_Action item_. Needed from the entries below: every line that holds the word "with".

_Task material_.
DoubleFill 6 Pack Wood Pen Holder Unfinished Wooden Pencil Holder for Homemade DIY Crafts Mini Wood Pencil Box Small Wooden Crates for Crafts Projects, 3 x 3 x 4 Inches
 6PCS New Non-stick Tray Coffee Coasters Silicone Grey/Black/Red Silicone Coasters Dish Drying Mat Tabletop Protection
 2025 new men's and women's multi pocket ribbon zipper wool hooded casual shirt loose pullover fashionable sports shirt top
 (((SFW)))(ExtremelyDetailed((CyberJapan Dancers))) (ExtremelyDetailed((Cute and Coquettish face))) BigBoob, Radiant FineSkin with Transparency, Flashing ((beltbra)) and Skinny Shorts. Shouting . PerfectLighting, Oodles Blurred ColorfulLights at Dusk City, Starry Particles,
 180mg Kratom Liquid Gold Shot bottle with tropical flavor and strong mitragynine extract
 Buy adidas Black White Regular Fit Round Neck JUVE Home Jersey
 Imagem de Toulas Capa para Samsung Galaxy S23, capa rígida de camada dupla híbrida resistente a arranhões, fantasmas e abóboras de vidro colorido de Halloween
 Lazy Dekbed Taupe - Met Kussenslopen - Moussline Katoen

_Response to this task_.
 (((SFW)))(ExtremelyDetailed((CyberJapan Dancers))) (ExtremelyDetailed((Cute and Coquettish face))) BigBoob, Radiant FineSkin with Transparency, Flashing ((beltbra)) and Skinny Shorts. Shouting . PerfectLighting, Oodles Blurred ColorfulLights at Dusk City, Starry Particles,
 180mg Kratom Liquid Gold Shot bottle with tropical flavor and strong mitragynine extract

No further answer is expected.